Mettre les résultats en pratique
Si l’exigence de remplacer les chauffages fossiles est aujourd’hui sur toutes les lèvres, l’utilisation de matériaux de construction végétaux comme la paille et le chanvre n’en est qu’à ses débuts. Le secteur de la construction accueille encore ces matériaux avec scepticisme, car ils nécessitent parfois des épaisseurs d’isolation nettement plus importantes et soulèvent des questions en matière d’humidité et de protection contre l’incendie.

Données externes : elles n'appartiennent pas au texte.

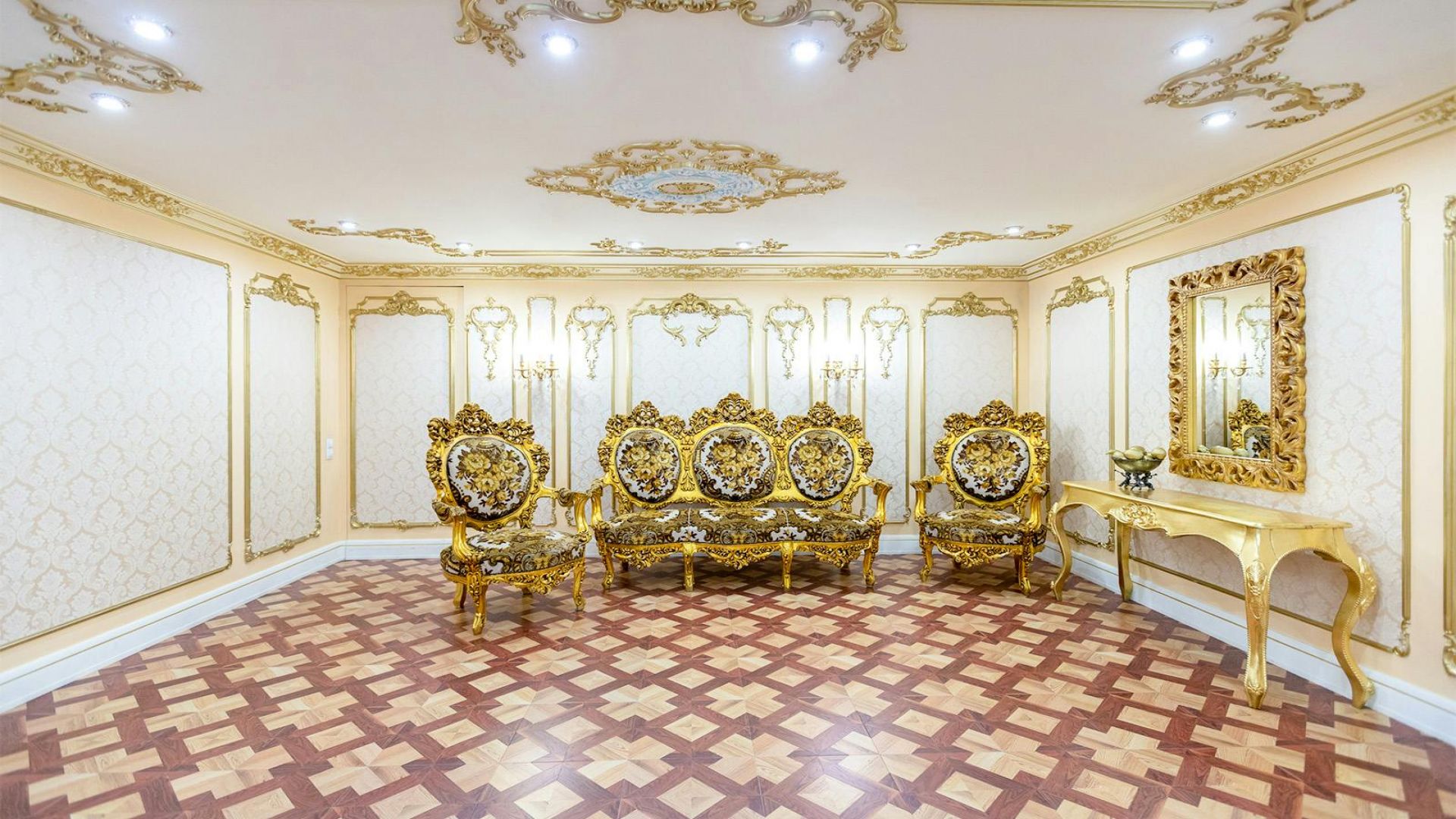 Royal Palace of Madrid Guided Tour 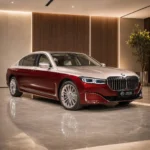 BMW M760li Xdrive V12 Custom Edition– Buy Direct From China | – Buy Direct From China |  Chinese Ev Cars in Ethiopia - Image 8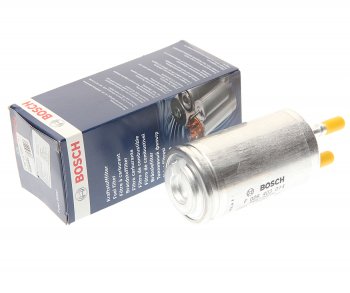 3 299 р. Фильтр топливный VOLVO S60,S80 BOSCH BOSCH f026403014  с доставкой в г. Кемерово. Увеличить фотографию 1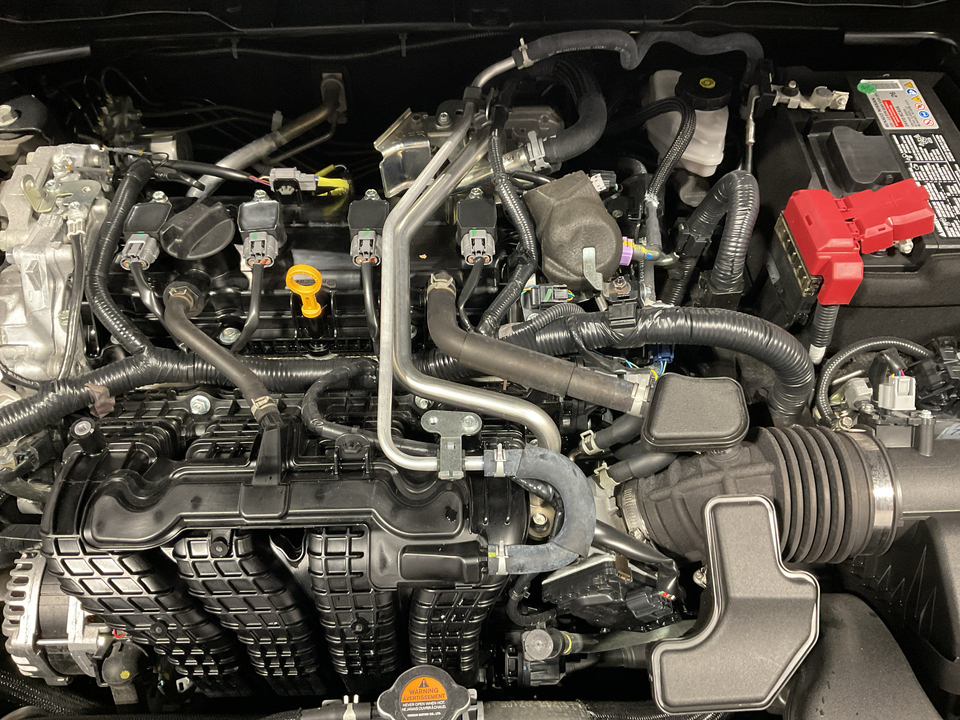 2025 Nissan Altima 2.5 SR AWD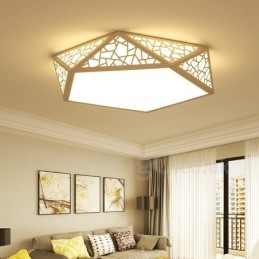 Lampada da soffitto moderna e contemporanea integrata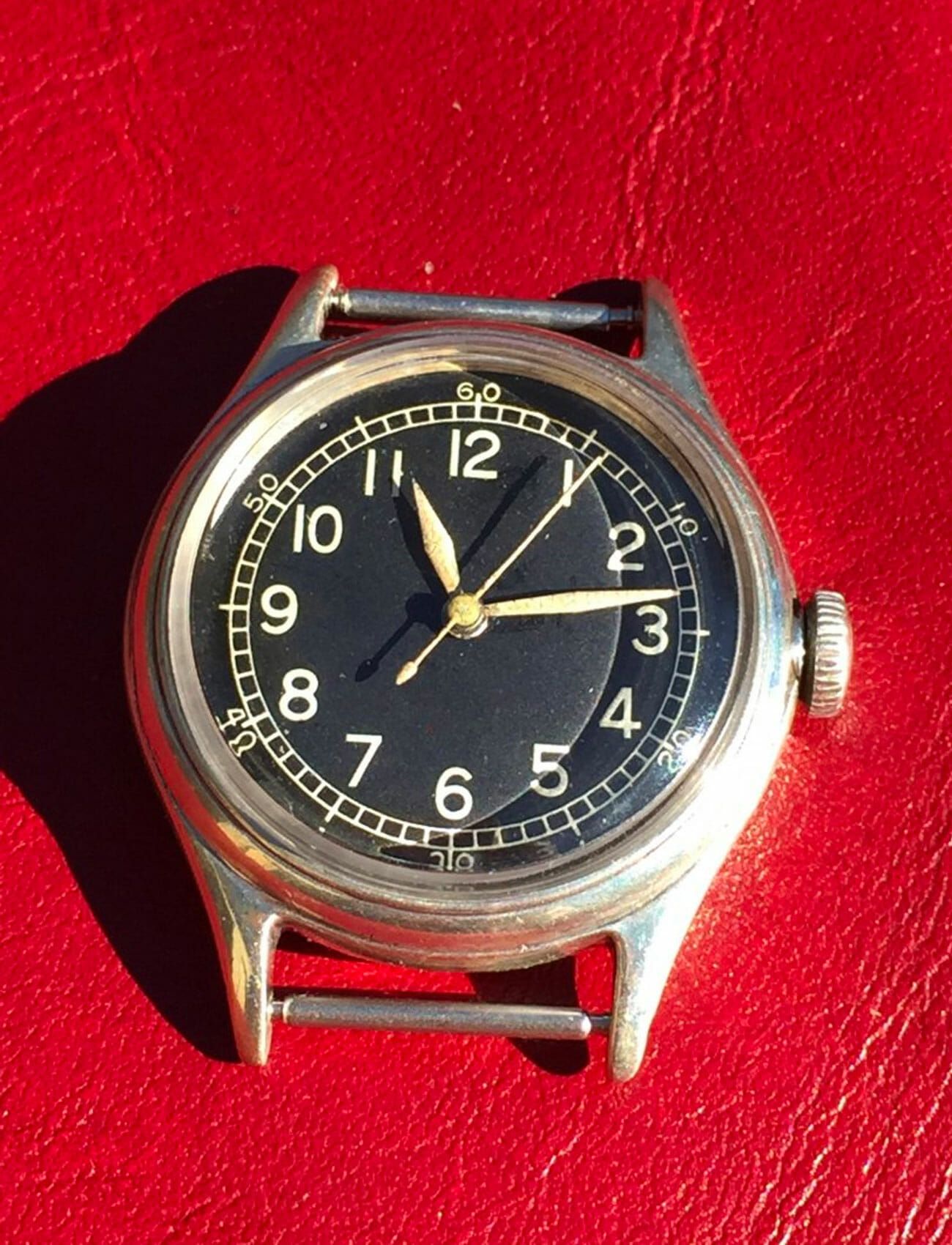 world war two watches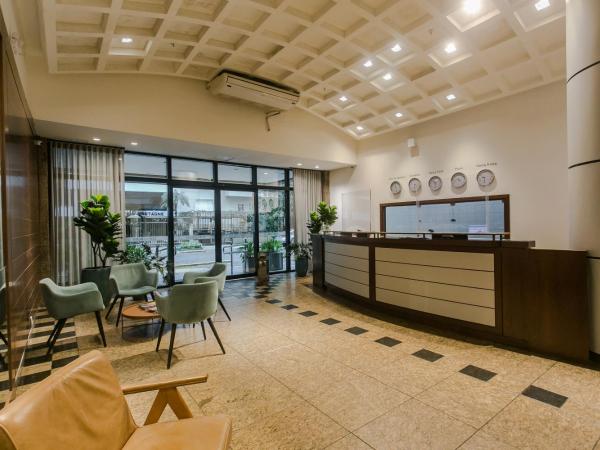 Top Leblon Residence Luxo - 2 quartos : photo 10 de la chambre appartement 2 chambres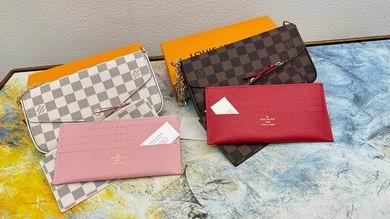 1:1 Louis Vuitton Bags Felicie M61276 21x11x2cm  zy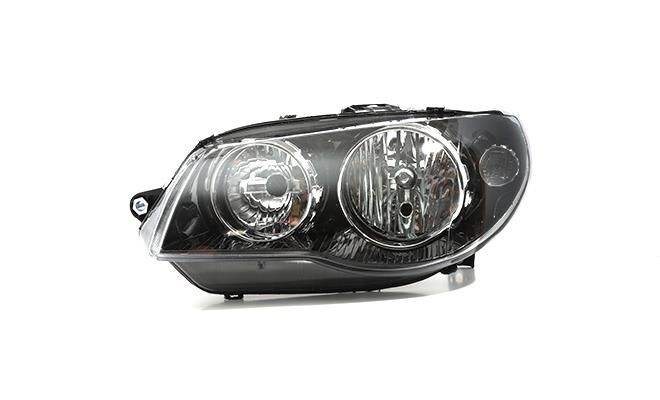 Far Sol Fıat Albea 05> Siyah Motorlu ESER 10515822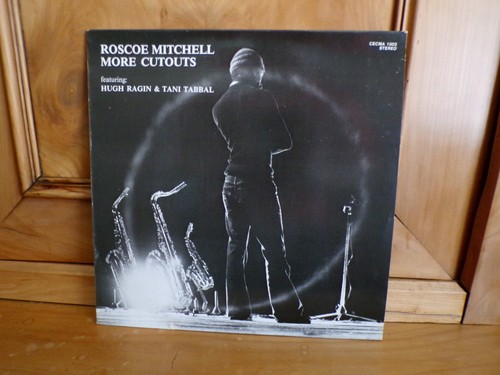 Roscoe mitchell more cutouts - mitchell,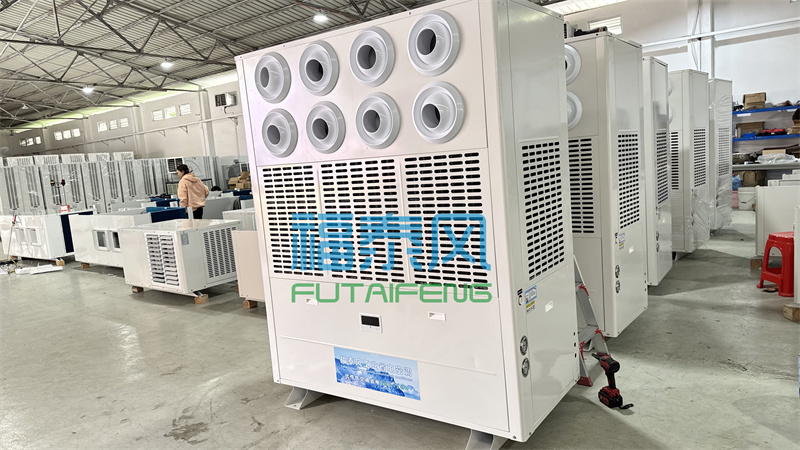 機(jī)械設(shè)備廠降溫措施！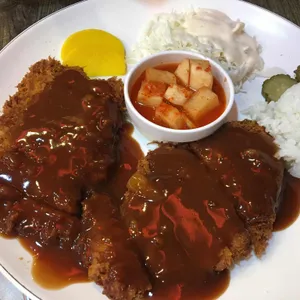 송주불냉면 사진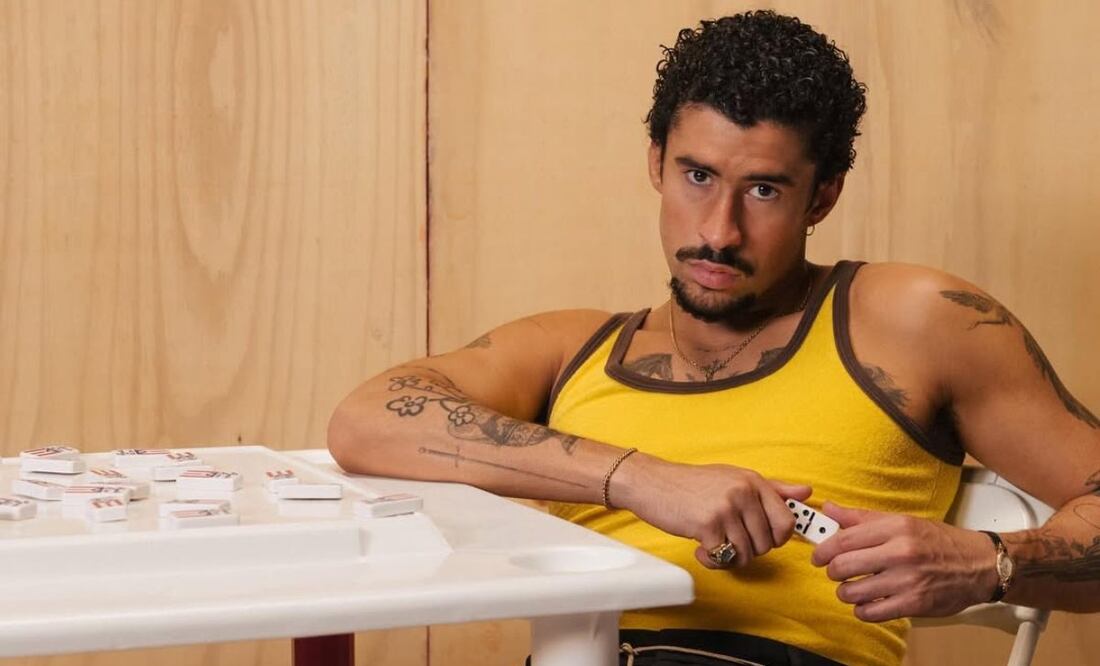 Bad Bunny encabeza la lista de nominados. Imagen: especial (@badbunnypr)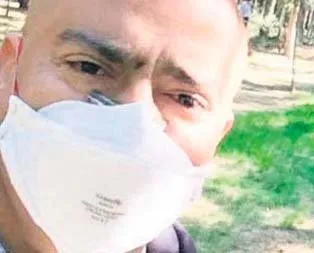 Avukatın hayatı cihaza bağlı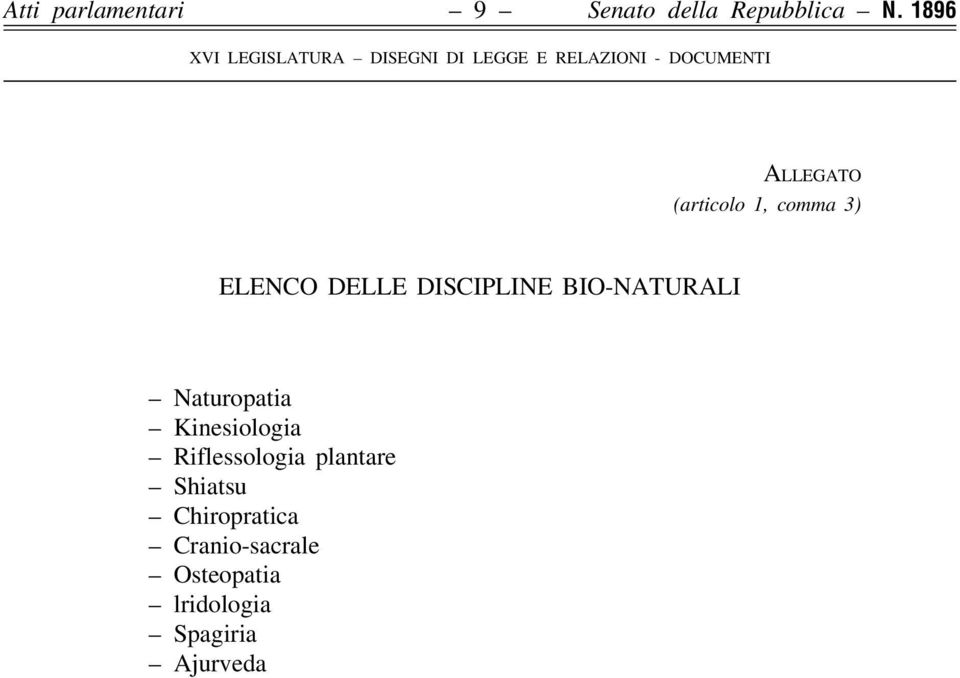 BIO-NATURALI Naturopatia Kinesiologia Riflessologia plantare
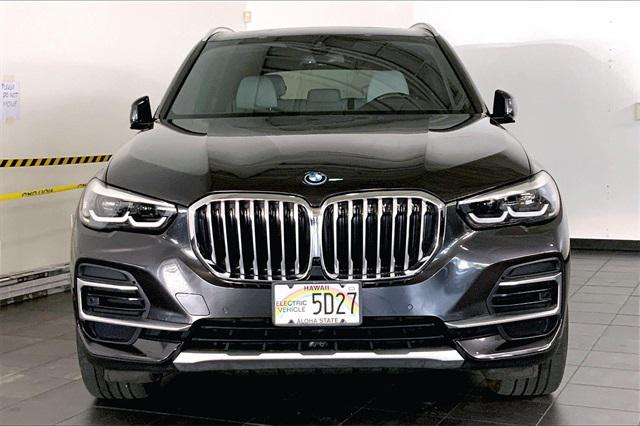 used 2023 BMW X5 car, priced at $51,995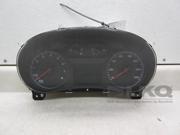 2016 Chevrolet Malibu Speedometer Speedo 23K OEM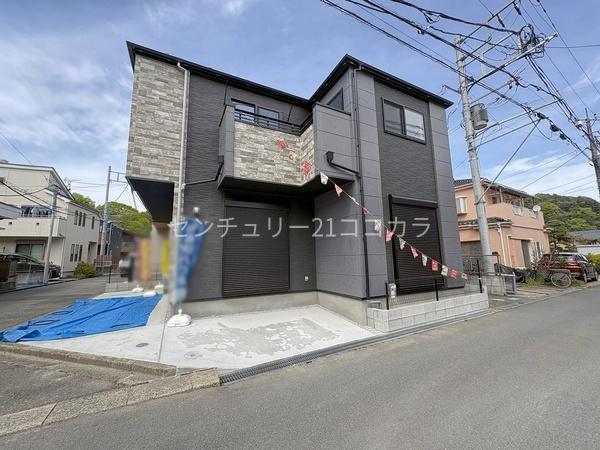 八王子市高尾町　新築一戸建て・全1棟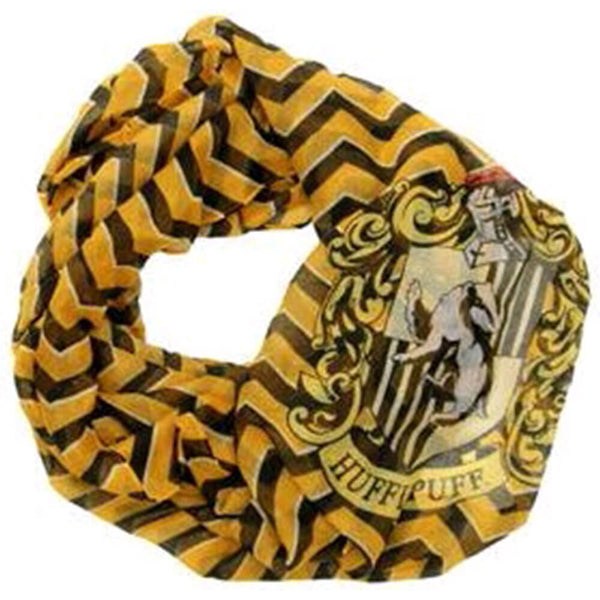 Harry Potter Hufflepuff Infinity Scarf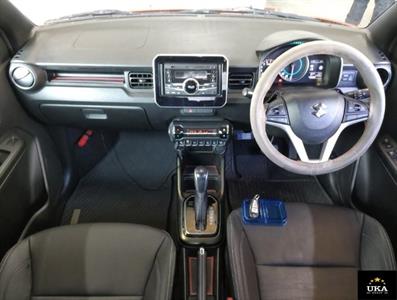 2017 Suzuki Ignis - Thumbnail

Les coûts élevés des rénovations avec des matériaux isolants biosourcés font également l’objet de discussions, les critiques occultant parfois les économies réalisées sur les coûts d’exploitation.Dans ce contexte, l’équipe de recherche s’est fixé pour objectif de faire connaître les résultats de ses travaux aux planificateurs, architectes et autres spécialistes de la construction. Cela se fait dans le cadre d’un projet en cours, financé par le programme Agora du Fonds national suisse. Il s’agit notamment de discussions et d’une enquête auprès d’experts du secteur de la construction. Parallèlement, un site web est en train d’être créé, qui met à disposition un outil logiciel permettant de comparer les stratégies de rénovation en termes de respect du climat.